En tout cas, il est acquis que Gilles Picot, sire de Gouberville, lieutenant des Eaux et Forêts en la Vicomté de Volognes, disposait bien d’un alambic dans l’une des chambres de son manoir de Barville et qu’il savait s’en servir pour distiller bien autre chose que des pétales de fleurs.

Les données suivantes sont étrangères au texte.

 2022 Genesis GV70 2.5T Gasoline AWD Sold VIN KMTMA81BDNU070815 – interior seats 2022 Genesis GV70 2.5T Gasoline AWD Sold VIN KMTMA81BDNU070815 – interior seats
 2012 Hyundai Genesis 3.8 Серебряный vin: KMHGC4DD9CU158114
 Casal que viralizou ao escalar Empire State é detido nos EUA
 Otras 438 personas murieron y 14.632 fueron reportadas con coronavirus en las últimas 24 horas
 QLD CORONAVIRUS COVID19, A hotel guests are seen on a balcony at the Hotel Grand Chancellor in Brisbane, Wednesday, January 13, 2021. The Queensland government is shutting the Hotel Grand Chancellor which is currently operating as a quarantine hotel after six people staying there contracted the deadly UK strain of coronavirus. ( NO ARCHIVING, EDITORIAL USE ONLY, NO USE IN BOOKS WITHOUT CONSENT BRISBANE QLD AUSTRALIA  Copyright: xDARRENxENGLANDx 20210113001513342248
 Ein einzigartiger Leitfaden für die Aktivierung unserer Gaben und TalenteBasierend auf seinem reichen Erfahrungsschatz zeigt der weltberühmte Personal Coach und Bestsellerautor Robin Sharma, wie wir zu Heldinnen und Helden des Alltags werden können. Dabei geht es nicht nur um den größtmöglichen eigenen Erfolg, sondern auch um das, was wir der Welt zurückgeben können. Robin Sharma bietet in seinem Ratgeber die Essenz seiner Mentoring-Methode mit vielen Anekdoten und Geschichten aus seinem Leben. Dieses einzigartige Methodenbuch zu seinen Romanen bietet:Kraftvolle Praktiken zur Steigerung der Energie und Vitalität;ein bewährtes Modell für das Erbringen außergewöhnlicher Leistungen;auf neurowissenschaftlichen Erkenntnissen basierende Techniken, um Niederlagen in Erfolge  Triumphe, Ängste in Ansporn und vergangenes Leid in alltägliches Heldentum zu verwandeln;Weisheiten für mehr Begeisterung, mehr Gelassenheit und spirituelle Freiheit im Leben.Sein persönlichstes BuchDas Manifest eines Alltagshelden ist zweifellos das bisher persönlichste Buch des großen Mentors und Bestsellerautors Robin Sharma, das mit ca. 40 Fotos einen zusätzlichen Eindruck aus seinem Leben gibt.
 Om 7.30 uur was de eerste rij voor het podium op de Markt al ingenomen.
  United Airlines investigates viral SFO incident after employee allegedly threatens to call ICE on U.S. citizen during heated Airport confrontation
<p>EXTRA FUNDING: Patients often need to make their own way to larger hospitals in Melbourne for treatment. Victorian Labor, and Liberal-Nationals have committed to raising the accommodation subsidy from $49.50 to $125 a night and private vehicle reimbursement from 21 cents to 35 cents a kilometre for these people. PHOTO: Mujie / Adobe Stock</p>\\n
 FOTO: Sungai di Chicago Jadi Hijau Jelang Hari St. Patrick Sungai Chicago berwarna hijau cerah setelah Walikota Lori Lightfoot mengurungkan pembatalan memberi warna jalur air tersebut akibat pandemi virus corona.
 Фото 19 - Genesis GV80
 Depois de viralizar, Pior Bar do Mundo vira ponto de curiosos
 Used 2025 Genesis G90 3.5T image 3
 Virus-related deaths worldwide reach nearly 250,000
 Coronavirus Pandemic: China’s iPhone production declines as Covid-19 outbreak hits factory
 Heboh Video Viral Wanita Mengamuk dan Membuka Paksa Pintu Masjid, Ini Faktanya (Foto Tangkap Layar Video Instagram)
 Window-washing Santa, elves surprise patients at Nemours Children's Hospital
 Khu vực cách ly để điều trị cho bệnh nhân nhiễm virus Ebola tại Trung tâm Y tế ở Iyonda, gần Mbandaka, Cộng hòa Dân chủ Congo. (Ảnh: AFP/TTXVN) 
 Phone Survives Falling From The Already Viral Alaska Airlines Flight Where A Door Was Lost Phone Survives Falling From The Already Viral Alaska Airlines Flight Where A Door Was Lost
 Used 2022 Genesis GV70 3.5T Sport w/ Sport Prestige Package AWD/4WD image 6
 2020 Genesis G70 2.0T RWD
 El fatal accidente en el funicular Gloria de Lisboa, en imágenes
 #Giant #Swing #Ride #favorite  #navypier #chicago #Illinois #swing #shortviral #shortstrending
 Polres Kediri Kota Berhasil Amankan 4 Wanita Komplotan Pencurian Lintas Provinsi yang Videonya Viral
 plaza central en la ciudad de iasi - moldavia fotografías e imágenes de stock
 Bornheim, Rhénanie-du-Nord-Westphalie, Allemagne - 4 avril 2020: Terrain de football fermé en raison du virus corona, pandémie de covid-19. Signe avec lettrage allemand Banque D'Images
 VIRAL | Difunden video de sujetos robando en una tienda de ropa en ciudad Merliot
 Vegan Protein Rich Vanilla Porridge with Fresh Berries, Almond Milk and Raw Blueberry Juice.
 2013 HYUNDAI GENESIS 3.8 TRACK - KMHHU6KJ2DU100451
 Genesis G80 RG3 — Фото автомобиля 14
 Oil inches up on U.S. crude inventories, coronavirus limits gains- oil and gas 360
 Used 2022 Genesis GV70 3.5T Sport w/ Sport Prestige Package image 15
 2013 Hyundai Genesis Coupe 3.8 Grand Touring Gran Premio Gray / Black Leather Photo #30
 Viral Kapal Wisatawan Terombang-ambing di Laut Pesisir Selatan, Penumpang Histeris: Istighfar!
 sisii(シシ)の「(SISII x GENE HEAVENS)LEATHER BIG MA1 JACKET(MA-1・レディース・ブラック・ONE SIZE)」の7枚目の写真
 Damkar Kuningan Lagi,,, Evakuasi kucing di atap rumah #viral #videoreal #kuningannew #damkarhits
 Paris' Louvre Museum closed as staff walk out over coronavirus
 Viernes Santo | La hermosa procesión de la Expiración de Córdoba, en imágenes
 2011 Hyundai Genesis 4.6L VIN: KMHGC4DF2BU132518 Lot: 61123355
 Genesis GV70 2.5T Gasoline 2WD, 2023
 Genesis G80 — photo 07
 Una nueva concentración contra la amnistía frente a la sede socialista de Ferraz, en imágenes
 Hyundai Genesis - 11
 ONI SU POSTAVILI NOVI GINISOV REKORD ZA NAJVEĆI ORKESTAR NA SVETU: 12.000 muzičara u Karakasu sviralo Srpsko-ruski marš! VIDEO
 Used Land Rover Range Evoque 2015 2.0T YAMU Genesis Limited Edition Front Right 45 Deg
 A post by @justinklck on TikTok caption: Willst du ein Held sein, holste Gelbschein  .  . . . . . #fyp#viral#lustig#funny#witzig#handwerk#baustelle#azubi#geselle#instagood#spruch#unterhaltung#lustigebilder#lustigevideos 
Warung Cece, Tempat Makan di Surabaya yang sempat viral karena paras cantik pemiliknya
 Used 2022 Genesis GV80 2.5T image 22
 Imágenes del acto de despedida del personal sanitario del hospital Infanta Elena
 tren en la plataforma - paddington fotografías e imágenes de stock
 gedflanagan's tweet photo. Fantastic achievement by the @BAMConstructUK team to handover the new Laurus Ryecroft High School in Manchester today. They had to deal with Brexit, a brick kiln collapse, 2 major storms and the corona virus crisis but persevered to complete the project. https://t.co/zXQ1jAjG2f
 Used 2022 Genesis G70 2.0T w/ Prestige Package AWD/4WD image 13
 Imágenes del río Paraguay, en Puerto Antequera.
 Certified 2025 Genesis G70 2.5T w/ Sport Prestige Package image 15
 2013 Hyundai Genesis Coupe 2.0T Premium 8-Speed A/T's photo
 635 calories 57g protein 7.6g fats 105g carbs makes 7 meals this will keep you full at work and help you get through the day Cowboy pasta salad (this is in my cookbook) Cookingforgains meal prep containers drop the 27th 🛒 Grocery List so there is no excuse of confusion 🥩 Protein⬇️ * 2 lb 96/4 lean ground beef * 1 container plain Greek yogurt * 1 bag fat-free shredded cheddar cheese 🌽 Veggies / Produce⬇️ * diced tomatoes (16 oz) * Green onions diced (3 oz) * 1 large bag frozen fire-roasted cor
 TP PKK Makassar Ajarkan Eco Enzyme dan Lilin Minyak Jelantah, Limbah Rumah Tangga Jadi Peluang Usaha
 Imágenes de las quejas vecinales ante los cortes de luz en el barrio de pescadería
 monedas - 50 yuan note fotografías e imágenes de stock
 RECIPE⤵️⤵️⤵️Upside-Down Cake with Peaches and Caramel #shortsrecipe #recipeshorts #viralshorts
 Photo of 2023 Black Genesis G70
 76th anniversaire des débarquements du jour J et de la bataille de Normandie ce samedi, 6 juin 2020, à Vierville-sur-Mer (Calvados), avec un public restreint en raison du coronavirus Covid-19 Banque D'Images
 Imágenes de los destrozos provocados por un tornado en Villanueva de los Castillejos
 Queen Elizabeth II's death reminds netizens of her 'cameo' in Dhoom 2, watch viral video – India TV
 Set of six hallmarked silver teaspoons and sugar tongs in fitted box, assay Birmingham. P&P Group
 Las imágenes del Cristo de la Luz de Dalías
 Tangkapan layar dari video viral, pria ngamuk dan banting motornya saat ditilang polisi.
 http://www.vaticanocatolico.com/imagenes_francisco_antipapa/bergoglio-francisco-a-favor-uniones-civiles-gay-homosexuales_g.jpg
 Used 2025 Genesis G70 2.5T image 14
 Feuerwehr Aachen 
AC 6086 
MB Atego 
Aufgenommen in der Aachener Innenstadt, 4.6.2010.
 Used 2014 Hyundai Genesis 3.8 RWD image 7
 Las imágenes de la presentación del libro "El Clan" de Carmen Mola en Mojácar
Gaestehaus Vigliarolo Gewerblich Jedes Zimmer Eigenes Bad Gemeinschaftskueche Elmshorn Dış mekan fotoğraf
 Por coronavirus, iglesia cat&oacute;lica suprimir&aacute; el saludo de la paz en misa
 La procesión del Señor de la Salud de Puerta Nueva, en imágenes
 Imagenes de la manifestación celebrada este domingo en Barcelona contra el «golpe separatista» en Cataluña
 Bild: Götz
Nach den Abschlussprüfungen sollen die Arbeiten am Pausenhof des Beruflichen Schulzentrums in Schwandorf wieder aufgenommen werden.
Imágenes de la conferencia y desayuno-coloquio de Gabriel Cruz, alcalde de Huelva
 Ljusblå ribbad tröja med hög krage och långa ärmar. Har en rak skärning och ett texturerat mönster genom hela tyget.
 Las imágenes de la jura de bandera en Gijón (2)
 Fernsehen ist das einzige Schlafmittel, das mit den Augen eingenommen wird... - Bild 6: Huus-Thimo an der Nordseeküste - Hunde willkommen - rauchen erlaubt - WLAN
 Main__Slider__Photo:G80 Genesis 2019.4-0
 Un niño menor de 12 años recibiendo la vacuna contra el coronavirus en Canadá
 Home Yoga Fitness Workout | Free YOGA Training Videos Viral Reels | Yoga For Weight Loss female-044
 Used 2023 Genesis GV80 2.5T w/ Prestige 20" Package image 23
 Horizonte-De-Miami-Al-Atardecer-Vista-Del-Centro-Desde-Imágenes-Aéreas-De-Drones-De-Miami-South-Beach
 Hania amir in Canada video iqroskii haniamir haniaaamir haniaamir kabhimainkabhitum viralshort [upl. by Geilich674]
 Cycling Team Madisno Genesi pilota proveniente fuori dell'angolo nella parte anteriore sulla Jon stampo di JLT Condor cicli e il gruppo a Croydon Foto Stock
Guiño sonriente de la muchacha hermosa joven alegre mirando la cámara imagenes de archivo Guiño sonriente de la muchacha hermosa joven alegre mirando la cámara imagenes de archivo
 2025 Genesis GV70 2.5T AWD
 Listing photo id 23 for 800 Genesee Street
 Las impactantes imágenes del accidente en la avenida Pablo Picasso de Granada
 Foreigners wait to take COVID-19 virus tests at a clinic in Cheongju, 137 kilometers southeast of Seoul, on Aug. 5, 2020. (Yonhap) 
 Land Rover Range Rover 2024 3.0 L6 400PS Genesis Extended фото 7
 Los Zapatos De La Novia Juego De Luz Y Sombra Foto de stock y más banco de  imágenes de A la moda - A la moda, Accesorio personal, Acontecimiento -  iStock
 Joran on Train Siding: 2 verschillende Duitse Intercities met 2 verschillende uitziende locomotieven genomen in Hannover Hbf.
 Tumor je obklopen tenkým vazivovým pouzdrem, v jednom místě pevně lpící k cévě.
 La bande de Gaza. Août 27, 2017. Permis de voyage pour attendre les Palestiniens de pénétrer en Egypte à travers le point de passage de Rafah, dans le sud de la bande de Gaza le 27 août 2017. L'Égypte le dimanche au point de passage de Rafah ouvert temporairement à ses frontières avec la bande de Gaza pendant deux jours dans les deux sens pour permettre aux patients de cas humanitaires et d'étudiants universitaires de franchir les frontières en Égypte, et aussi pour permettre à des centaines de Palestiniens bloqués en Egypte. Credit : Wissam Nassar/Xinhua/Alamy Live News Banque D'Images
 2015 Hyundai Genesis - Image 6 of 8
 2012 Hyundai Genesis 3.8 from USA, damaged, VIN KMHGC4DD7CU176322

Cette passionnante expérience se serait déroulée un beau Mardi 28 mars 1553 d’après une opinion communément admise qui invoque à cet effet le Livre de raison de notre gentilhomme terrien, dont les qualités d’initiateur, de promoteur et de propagateur de la culture des pommiers à cidre est autrement plus établie pour s’y être soigneusement consacré après leur introduction en Normandie par le brave Guillaume Dursus, originaire de Navarre, et Marin Onfroy, seigneur de Saint Laurent sur Mer, qui acclimateront de savoureuses espèces venues de Biscaye.
Pour mémoire, d’après les médisances de l’époque, les pommes du Cotentin produisaient un cidre à ce point détestable que seuls l’auraient bu ceux désireux de donner des preuves d’austérité ou de mortification.
Voici qui n’était pas exactement le cas de notre surgeon d’ancienne noblesse qui tenait une belle et bonne table (avec des menus décrits comme “effarants”, incorporant des mets parfois exotiques à l’exemple de l’huile d’olive ; de la dinde [alors récemment apparue en France], de l’orange, du citron, de grenade, de marsouin, …), accueillante au point de recevoir gracieusement des visiteurs au nombre desquels François le Tourangeau.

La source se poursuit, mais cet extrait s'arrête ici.